“We need to think and do things differently”: Meadows Institute’s Kacie Kelly touts promise of pediatric collaborative care at Milken Institute’s 2023 Future of Health Summit
Even before the onset of the COVID-19 pandemic, America’s youth were experiencing a mental health crisis, moderator William Brangham said at the start of “Surviving or Thriving: Youth Mental Health in America,” a panel discussion held Nov. 6 during the Milken Institute’s 2023 Future of Health Summit in Washington, D.C.
Nearly half of all U.S. teens report that they struggle with persistent feelings of sadness and hopelessness. Eleven percent of young adults ages 16 to 24 and 20 percent of all high school students report serious thoughts of suicide.
Society must find ways to address the needs of younger generations, both outside and inside the classroom, to ensure a healthy and thriving future, said Brangham, a correspondent for the PBS NewsHour.
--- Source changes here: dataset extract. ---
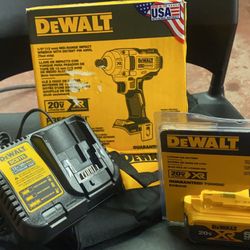 20-Volt MAX XR Cordless Brushless 1/2 Mid-Range Impact Wrench with Detent Pin Anvil w/ 5.0Ah Battery Charger & Bag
But is our “broken down jalopy” of a mental health care system up to the task, he wondered?
(From right to left) Kacie Kelly, Amanda Grigg, staff director at the Forum for Children’s Well-Being Division of Behavioral and Social Science and Education, National Academies of Sciences, Engineering, and Medicine, and Dan Gillison, CEO of NAMI.
Sadly, the system is not even broken, said Meadows Mental Health Policy Institute Chief Innovation Officer Kacie Kelly. “We often say at the Meadows Institute that we don’t have a broken health care system; we have a system that operates exactly the way we designed it.”
Explained Kelly: Whereas most of health care is already integrated into primary care and pediatric settings, where regular screening occurs, in mental health care, “we have taken those opportunities for screening and early detection and put it over here on the side as if all mental health care needs to be treated in specialty care, and that’s not working.”
Still, Kelly stressed, “I have never been more hopeful about mental health than I am these days.”
I have never been more hopeful about mental health than I am these days.
– Kacie Kelly
That’s because support for integrating specialty behavioral health care into primary and pediatrics settings is building, thanks in part to the policy focus and on the ground implementation work of the Meadows Institute.
Through participation in the Collaborative Care Model, adults and children are able to be screened for depression, anxiety and substance use as routinely as for blood pressure or high temperature, “so that we can detect [problems] much earlier in the disease course, when most mental health conditions can actually be treated by a generalist.”
Not only are there decades of research to support the model, but “we’re thrilled that we’re getting some financing in place to have it reimbursed by Medicare, private sector insurance and Medicaid in 27 states,” Kelly said.
Meadows Institute Chief Innovation Officer Kacie Kelly (right) speaks at the Milken Institute’s 2023 Future of Health Summit in Washington, D.C.
“I’m excited that our health care community is starting to embrace that public/private partnership philosophy because historically we have not been able to leverage collective assets in a way that allows for outcomes. I’m starting to see more of a willingness to bring these resources together.”
Dan Gillison’s, NAMI’s CEO and a fellow panelist, agreed. “We need to innovate, to think and do things differently. If you do what you’ve always done, you’ll get what you’ve always gotten.”